Arbitrator should impose fees, if. DoorDash raised concerns as to whether plaintiffs’ counsel was authorized to represent certain other petitioners. The court deferred any such dispute to the arbitrator. However, if the firm is found to have overstated its authority, or the couriers had not perfected their right to arbitrate, then the arbitrator was instructed to order the firm to fully reimburse DoorDash for all arbitration fees and attorney’s fees incurred by the company in defending arbitration. Likewise, if any petitioner does attempt to double-dip and participate in both proceedings, the court recommended that the arbitrator impose an order requiring plaintiffs’ counsel to reimburse DoorDash for all arbitration and attorney’s fees incurred in defending the matter twice.

S.B. 707 does not apply. The couriers asked that DoorDash be required to pay all fees and costs related to the arbitration pursuant to California Senate Bill 707, which requires a party that drafted an arbitration agreement to pay fees and costs before an arbitration can proceed, “if the fees or costs to initiate an arbitration proceeding are not paid within 30 days after the due date, the drafting party is in material breach of the arbitration agreement, is in default of the arbitration, and waives its right to compel arbitration.” However, this provision only took effect January 1, 2020, and it did not apply retroactively. Because the events in this case occurred prior to enactment, the motion was denied.

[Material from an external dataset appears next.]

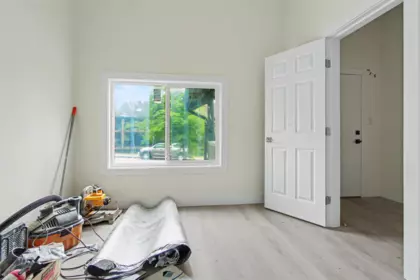 Mudroom Photo of 805 Milton Street, New Westminster, BC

Motion to seal denied. Lastly, the court denied a motion by DoorDash to seal portions of its reply brief in this case, and certain other documents. DoorDash wanted to seal communications with the International Institute for Conflict Prevention & Resolution (CPR) about the case and the drafting of a “mass arbitration protocol,” and further drafts and revisions to the protocol that went back and forth between them, which were marked confidential.

“Just because such information has been designated as confidential does not mean that it deserves to be kept from the public once filed in the federal district court,” Alsup wrote. “The district court should not be a party to concealing this information from the public, especially as it concerns an arbitration organization that holds itself out to the public as impartial. These documents would be useful to the public in evaluating the true extent to which the organization is impartial.”